記得第一次去京都,那時還沒有智慧型手機。我走出車站分不清四方,過了馬路,拿著旅館的地圖問路人。那是一個大學生模樣的女孩,短髮圓臉,臉頰上有雀斑。她仔細看了地圖,身體轉了個方向,面朝遠處,又再次確認方位,似乎猶疑幾秒,然後用英文跟我說:「我帶妳去吧!」
她帶著我穿街越巷,並走過一段蜿蜒小徑,我才知道她的考量,大概覺得這一段路她不好講,我也不好找。抵達旅館後,她看著我走進門才離開。她是我在京都遇見的第一個人,這樣一個人,也成了我對京都的第一個印象。
後來在杭州,也遇見一個與京都那女孩一樣溫和,一樣心細的人。
她很年輕,二十歲左右,穿了件白色棉T,身形纖瘦,面容清秀,戴副眼鏡。我們同在西湖邊的北山路上車,當時車上擁擠,已無空位,就站在靠近後門的地方。
沿途有點塞車,車子時走時停。而路經的每一站,上車的人多,下車的人少,我們被擠到了一起。
這是往城裡的公車,車子離開西湖轉進市區時,到了某站有好多人準備下車。先是我面前的位置空了出來,當時我琢磨著要不要讓她坐,畢竟我再幾站就到目的地,而她也站很久了。腦裡正想著這事,還未付諸行動,她面前的位置也空了出來。她朝我看一眼,微笑著用眼神示意,那眼神很溫和,沒說出來的話是:「妳坐那個位置,我坐這個。」僅僅是一眨眼的瞬間,我們互相笑著點頭,都入了座。
我一直記得這件事,欣喜於這種不需言傳的心照不宣,還有那女孩充滿善意的眼神。
而在遇見那年輕女孩隔一日,我在一家茶館避雨,正好雨停了,太陽從雲裡露出一點金邊,這時有一個穿著深藍色刺繡裙子的小女生雀躍地跑了出去,用童稚的娃娃音說著:「太陽出來了。」話音未落,就在街邊空地上跳起舞來,自在且優雅。我隔著窗戶靜靜地看著她,不覺中笑了起來。她的快樂,單純而飽滿。

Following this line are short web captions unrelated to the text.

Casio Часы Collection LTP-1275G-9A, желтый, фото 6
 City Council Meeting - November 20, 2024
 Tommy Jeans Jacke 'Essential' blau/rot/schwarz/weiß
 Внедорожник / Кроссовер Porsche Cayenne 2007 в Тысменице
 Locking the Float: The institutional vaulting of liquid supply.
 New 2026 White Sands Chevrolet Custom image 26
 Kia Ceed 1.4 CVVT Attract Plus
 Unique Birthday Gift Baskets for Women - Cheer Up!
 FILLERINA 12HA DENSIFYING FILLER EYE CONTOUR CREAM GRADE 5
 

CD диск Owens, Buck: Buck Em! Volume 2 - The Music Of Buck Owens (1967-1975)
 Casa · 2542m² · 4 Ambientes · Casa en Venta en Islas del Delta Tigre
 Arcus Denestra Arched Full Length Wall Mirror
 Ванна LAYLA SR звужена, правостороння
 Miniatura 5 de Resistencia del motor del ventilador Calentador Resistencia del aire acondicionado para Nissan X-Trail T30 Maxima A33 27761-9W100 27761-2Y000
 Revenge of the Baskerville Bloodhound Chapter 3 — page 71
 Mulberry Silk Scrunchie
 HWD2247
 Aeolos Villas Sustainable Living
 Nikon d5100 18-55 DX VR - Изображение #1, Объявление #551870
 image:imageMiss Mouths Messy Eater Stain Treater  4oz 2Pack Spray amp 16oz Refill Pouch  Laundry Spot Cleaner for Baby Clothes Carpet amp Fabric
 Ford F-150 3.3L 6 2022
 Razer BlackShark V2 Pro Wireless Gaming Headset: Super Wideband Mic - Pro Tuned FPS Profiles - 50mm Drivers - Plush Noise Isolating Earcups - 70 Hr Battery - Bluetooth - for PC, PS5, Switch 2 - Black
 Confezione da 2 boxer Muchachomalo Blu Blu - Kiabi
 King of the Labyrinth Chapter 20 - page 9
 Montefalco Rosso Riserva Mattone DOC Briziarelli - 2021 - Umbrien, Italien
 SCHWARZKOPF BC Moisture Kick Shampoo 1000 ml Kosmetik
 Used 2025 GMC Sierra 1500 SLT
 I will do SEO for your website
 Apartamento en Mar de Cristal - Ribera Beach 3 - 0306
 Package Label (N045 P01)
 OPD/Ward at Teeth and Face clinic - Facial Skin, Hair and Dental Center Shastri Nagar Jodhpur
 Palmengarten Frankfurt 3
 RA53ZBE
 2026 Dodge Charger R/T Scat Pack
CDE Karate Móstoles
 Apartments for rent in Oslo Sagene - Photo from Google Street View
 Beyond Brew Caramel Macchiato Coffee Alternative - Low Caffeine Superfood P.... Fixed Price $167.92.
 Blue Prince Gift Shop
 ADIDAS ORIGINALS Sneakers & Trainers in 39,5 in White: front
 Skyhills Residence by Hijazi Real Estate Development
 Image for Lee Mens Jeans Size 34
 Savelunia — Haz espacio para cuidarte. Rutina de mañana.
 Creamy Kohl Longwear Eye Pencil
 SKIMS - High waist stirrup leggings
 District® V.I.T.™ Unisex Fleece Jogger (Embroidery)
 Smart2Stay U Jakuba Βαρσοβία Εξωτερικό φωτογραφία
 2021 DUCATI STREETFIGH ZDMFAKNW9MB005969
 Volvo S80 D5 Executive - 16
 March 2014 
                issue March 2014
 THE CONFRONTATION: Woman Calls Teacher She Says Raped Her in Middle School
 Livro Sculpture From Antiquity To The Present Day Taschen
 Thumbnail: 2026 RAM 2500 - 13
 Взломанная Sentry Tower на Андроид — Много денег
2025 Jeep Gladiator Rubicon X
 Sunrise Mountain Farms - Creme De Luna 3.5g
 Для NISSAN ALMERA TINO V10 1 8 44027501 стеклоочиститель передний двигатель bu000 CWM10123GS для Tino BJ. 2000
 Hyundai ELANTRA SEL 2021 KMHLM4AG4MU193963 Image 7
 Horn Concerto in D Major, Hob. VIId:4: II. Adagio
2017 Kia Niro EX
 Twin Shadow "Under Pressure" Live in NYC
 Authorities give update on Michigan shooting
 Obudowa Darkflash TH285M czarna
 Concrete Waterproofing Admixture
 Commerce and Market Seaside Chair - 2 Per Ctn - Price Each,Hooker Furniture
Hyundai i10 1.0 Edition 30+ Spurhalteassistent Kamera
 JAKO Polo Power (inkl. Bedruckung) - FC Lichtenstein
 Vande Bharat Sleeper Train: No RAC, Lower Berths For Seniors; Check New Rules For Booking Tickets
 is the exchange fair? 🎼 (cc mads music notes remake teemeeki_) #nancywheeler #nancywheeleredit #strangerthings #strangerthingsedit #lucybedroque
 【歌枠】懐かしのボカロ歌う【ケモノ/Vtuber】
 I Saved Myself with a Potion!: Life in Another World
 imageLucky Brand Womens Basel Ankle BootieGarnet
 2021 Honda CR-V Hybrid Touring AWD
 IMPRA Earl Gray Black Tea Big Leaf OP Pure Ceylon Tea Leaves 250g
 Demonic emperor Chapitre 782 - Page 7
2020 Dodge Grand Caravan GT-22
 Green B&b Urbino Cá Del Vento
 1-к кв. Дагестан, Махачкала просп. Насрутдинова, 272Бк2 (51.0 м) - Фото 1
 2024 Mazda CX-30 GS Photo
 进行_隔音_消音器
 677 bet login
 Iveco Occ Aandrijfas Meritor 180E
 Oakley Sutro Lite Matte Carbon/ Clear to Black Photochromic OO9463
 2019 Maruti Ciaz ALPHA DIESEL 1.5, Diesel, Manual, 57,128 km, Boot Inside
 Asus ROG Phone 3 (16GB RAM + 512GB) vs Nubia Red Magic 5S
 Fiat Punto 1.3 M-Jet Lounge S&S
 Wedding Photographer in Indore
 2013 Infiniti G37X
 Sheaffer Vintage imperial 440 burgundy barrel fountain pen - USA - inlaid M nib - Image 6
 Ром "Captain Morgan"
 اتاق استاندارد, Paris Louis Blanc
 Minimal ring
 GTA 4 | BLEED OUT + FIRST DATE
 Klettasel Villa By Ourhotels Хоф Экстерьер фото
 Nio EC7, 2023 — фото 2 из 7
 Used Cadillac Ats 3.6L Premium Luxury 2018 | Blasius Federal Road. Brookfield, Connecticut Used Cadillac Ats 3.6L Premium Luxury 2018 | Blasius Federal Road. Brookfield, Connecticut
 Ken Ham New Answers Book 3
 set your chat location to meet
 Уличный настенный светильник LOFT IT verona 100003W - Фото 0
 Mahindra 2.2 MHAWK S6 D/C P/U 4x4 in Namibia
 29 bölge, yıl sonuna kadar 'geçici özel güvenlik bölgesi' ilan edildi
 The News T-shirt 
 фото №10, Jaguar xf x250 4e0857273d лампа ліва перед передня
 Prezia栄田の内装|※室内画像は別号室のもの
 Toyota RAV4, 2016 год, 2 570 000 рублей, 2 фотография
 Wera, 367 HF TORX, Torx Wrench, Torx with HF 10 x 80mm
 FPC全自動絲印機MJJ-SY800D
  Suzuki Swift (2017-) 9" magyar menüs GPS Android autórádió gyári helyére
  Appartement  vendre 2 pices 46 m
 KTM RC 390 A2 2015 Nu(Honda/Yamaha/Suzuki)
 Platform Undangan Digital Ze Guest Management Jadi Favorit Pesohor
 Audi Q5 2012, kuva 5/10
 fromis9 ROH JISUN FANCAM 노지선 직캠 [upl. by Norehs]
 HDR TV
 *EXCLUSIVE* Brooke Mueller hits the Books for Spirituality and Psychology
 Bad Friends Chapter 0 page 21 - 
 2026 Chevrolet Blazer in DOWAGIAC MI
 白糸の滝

再往西北走去,同樣也是不期而遇的一面之緣。在西安回坊,鐘樓地鐵站附近有一家銀飾店,店門口一個大約二十多歲的小哥面朝大街坐在工作檯前正打磨著銀飾,五官端正長得挺帥的。我看見他旁邊的柱子上,掛著一只白色壓克力版,板上用紅色電腦字體寫著:「拍照請開美顏,我只想安靜地當一個美男子。」我覺得白板上的句子很有趣,不禁莞爾,一面拿出手機對著那段文字拍照。那時街上的人不多,打銀的小哥大概看見我在拍照,咧著嘴直衝著我笑,我見他笑,也對著他笑。但當時我們笑裡的內容是不一樣的,他笑是以為我在拍他,而我笑是因為我沒有在拍他。我們沒有說一句話,但我喜歡他的笑容,明明燦燦的,很乾淨很開朗。
而在西安城外的小農村,遇見一對老夫婦。老大爺坐在矮凳上,面前地上擺了一些柿子,老太太坐在較遠處的田邊烤火。
我見那柿子紅橙橙的,看起來很新鮮,彷彿剛從樹上摘下,於是蹲下來問了價錢,挑了幾顆,遞給大爺秤重。他用的是早期的那種秤桿,說:「還不到一斤,妳再多挑幾個吧。」其實我在當地就一個人,拿多了也吃不完。本想直接付他三塊錢,但他不肯,堅持我再多拿幾顆。老太太見狀,也走過來幫腔。
我拗不過他們,又多挑了兩三個,那時老先生指著秤上的刻度,也不管我看不看得懂,笑著說:「超過一斤了,還是算妳三塊錢。」
接過柿子時感念於他們待我的熱情,雖然我心裡也隱隱有占人便宜的心虛。
這些人在此生與我都是第一次相遇,可能也是最後一次。遇見時雖然只是細碎短暫的瞬間,但他們心念單一的和善,讓人彷彿從田野花間走過,有盈香拂面的喜悅。我也在他們的身影中,看見如常直心地活著,可以活出這般山溫水暖美麗。